Objectif : sortir le théâtre de l'"entre-soi".
"Regardez vers le haut", dit calmement Aurélie, professeure d'expression corporelle à la Comédie de Béthune (Pas-de-Calais). Sur scène: les élèves de la nouvelle classe préparatoire "égalité des chances", qui veut développer la diversité sociale dans l'univers du spectacle vivant.De septembre à juin, ces 10 étudiants -cinq filles et cinq garçons-, âgés de 18 à 23 ans et originaires des Hauts-de-France, se préparent aux concours d'entrée des 12 écoles supérieures d'art dramatique délivrant un diplôme national.
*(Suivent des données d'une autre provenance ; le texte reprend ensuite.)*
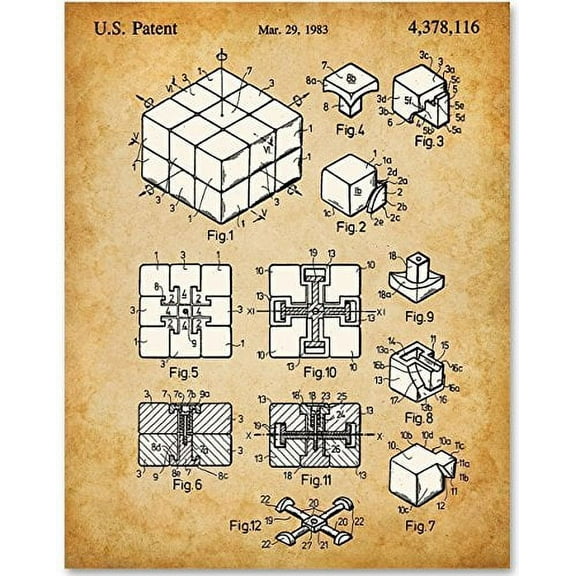 Rubik's Cube Patent - 11x14 Unframed Patent Print - Great Gift for Boy's Room Decor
Pour intégrer cette formation intensive et 100% gratuite, sans diplôme requis, ils ont été sélectionnés sur leur personnalité et leur motivation. Mais aussi sur des critères sociaux, dans une région où l'insertion des jeunes est la plus difficile, avec 28% des 18-25 ans sans formation ni emploi, soit six points de plus qu'au niveau national, selon l'Insee.
"Depuis quelques années (...) on a multiplié les obstacles et les critères d'entrée aux grandes écoles d'art dramatique", relève Cécile Backès, metteure en scène et directrice de la Comédie de Béthune, à l'origine de l'initiative. "Cela devient de plus en plus difficile si on n'a pas les moyens, si on habite
loin d'un lieu où on peut se former au théâtre."
"On a dans le théâtre public énormément de classes moyennes et supérieures : comédiens, metteurs en scène, dramaturges, costumiers, éclairagistes... On ne représente pas, dans nos origines sociales, toute la société", une situation en opposition avec "notre projet de théâtre public", concède-t-elle encore.
"Le théâtre est très bourgeois"
Encadrés par des artistes pédagogues et des intervenants universitaires, les étudiants suivent une trentaine d'heures de cours par semaine -interprétation, corps, danse, étude de textes...- et assistent à des représentations culturelles, en plus des nombreuses répétitions de scènes. "Les grandes écoles, ça fait rêver", reconnaît Valentine Berthier, 18 ans, lunettes rondes et cheveux bruns. Comme ses camarades, elle avait déjà une expérience des planches sans s'être décidée à sauter le pas, par manque d'information ou de ressources.
Attirée par "le groupe", elle peut aujourd'hui s'exprimer "sur un plateau, passer du rire aux larmes" pour espérer devenir "comédienne ou humoriste".
Pourtant, sans la prépa, "je n'aurais pas passé autant de concours que ce que l'école propose", confie-t-elle. Car "c'est un budget pour se déplacer jusqu'à Paris, Marseille... La prépa nous donne toutes les opportunités pour réussir".
"En train de changer"
Inscription, déplacements, hébergement : la Comédie de Béthune prend en charge la totalité des frais des concours. Le budget total d'une année
-environ 350.000 euros- est financé en majorité par le fonds social européen (FSE) mais aussi par le ministère de la Culture, la région Hauts-de-France, le département du Pas-de-Calais et l'agglomération.
Outre la formation, les élèves bénéficient d'un accompagnement individuel et d'une bourse mensuelle de 550 euros qui les aide à se loger et se nourrir.
Depuis 2014, cinq autres formations du même type sont nées en France, comme à Saint-Etienne ou Mulhouse, chacune avec sa spécificité. La Comédie de Béthune est la seule à exiger un foyer fiscal de rattachement non imposable, critère permettant davantage de mixité.
"Ici, on a véritablement une diversité sociale, culturelle et territoriale", souligne la comédienne Fanny Chevallier, qui coordonne artistiquement l'équipe pédagogique. Selon elle, même si "le théâtre est très bourgeois", "c'est vraiment en train de changer". "On commence à voir une diversité sur les plateaux. Ca veut dire que les écoles sont obligées aussi de s'y mettre."
"C'est grâce à des projets comme celui-ci que ça s'ouvre", renchérit Badr-Eddine Khalis, 19 ans, silhouette élancée et chevelure frisée. Au-delà des critères sociaux, il veut retenir l'aspect humain de l'enseignement. "En général, quand on propose à quelqu'un de faire du théâtre, il répond +je suis
timide, ce n'est pas pour moi+. Alors qu'en vérité, tout le monde peut faire du théâtre, il faut juste, entre guillements, accepter le théâtre."